The Cornish language has been branded "extinct" by linguistic experts, sparking protests from speakers.
Thirty linguists worked on Atlas of the World's Languages in Danger, compiled by Unesco, the cultural section of the United Nations.
Cornish is believed to have died out as a first language in 1777.
But the Cornish Language Partnership says the number of speakers has risen in the past 20 years and there should be a section for revitalised languages.
Unesco's Atlas of the World's Languages in Danger features about 2,500 dialects.
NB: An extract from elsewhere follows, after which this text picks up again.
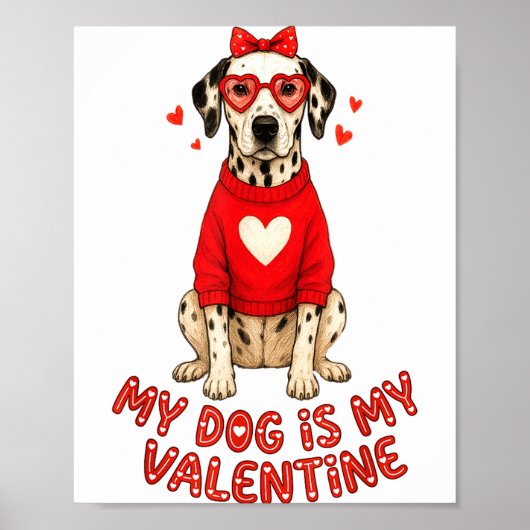 My Dog Is My Valentine Dalmatian Heart Gles Bow Do Poster (Voorkant)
There are thought to be about 300 fluent speakers of Cornish.
But Jenefer Lowe, development manager of the Cornish Language Partnership, said there were thousands who had a "smattering" of the language.
"Saying Cornish is extinct implies there are no speakers and the language is dead, which it isn't," she said.
"Unesco's study doesn't take into account languages which have growing numbers of speakers and in the past 20 years the revival of Cornish has really gathered momentum."
Last year the partnership agreed a single written form of Cornish which brought together several different forms of the language.
Mrs Lowe said: "There's no category for a language that is revitalised and revived.
"What they need to do is add a category.
"It should be recognised that languages do revive and it's a fluid state."
Christopher Moseley, an Australian linguist and editor-in-chief of the atlas, told BBC News he would consider a new classification.
He said: "I have always been optimistic about Cornish and Manx.
"There is a groundswell of interest in them, although the number of speakers is small.
"Perhaps in the next edition we shall have a 'being revived' category.
"[Cornish] is among a group of languages that turned out not to be extinct but merely sleeping."